The \(F\)-test involves testing the statistical significance of the \(F\)-ratio.
Q: What does the \(F\)-ratio test?
A: The null hypothesis that all regression slopes in a model are zero (i.e., explain no variance in your outcome/DV). The alternative hypothesis is that at least one of the slopes is not zero.
The \(F\)-ratio you see at the bottom of summary(model)
is actually a comparison between two models: your model (with some explanatory variables in predicting \(y\)) and the null model.
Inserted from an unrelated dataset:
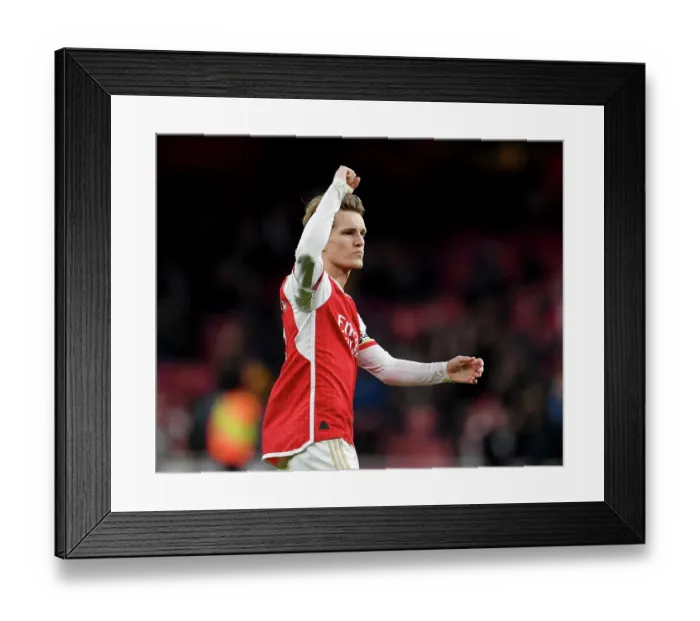 Framed Print : Martin Odegaard Scores the Winning Goal: Arsenal's Triumphant Victory Over Brighton (2023-24)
In regression, the null model can be thought of as the model in which all explanatory variables have zero regression coefficients. It is also referred to as the intercept-only model, because if all predictor variable coefficients are zero, then we are only estimating \(y\) via an intercept (which will be the mean - \(\bar y\)).
Interpretation:
Alongside viewing the \(F\)-ratio, you can see the results from testing the null hypothesis that all of the coefficients are \(0\) (the alternative hypothesis is that at least one coefficient is \(\neq 0\). Under the null hypothesis that all coefficients = 0, the ratio of explained:unexplained variance should be approximately 1)
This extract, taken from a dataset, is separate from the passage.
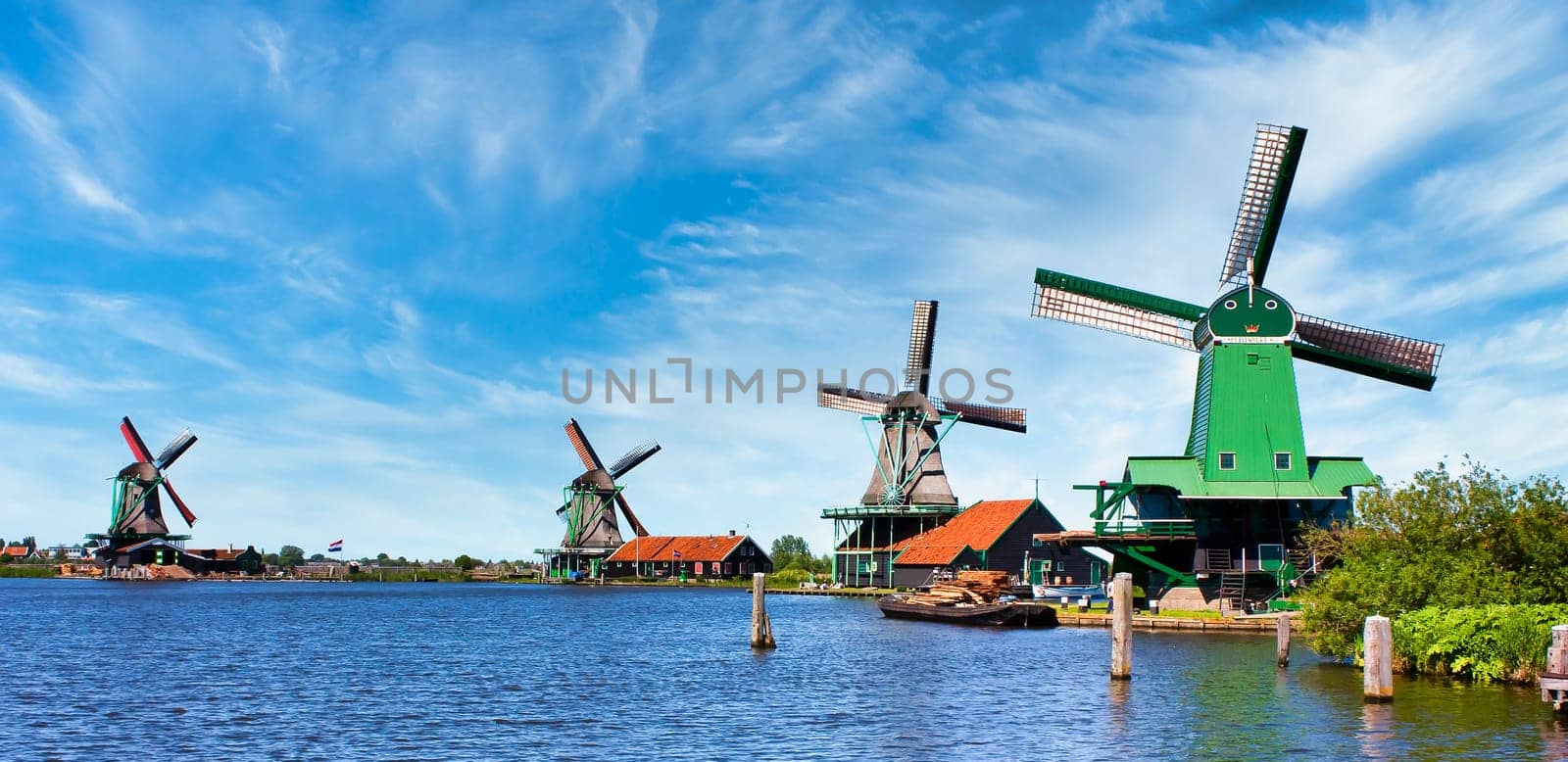 ZAANSE SCHANS, NETHERLANDS - CIRCA AUGUST 2020: Dutch windmill in green countryside close to Amsterdam, with blue sky and river water.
If your model predictors do explain some variance, the \(F\)-ratio will be significant, and you would reject the null, as this would suggest that your predictor variables included in your model improved the model fit (in comparison to the intercept only model).
Points to note:
- The larger your \(F\)-ratio, the better your model
- The \(F\)-ratio will be close to 1 when the null is true (i.e., that all slopes are zero)
In R
We can see the \(F\)-statistic and associated \(p\)-value at the bottom of the output of summary(<modelname>)
:
Example Interpretation
The linear model with recall confidence and age explained a significant amount of variance in recall accuracy beyond what we would expect by chance \(F(2, 17) = 12.92, p < .001\).
Overview:
\(R^2\) represents the proportion of variance in \(Y\) that is explained by the model predictor variables.
Formula:
The \(R^2\) coefficient is defined as the proportion of the total variability in the outcome variable which is explained by our model: \[
R^2 = \frac{SS_{Model}}{SS_{Total}} = 1 - \frac{SS_{Residual}}{SS_{Total}}
\]
The Adjusted \(R^2\) coefficient is defined as: \[
\hat R^2 = 1 - \frac{(1 - R^2)(n-1)}{n-k-1}
\quad \\
\]
\[
\begin{align}
& \text{Where:} \\
& n = \text{sample size} \\
& k = \text{number of explanatory variables} \\
\end{align}
\]
When to report Multiple \(R^2\) vs. Adjusted \(R^2\):
The Multiple \(R^2\) value should be reported for a simple linear regression model (i.e., one predictor).
Unlike \(R^2\), Adjusted-\(R^2\) does not necessarily increase with the addition of more explanatory variables, by the inclusion of a penalty according to the number of explanatory variables in the model. Since Adjusted-\(R^2\) is adjusted for the number of predictors in the model, this should be used when there are 2 or more predictors in the model. As a side note, the Adjusted-\(R^2\) should always be less than or equal to \(R^2\).
In R
We can see both \(R^2\) and Adjusted-\(R^2\) in the second bottom row of the summary(<modelname>)
:
Example Interpretation
Together, recall confidence and age explained approximately 55.66% of the variance in recall accuracy.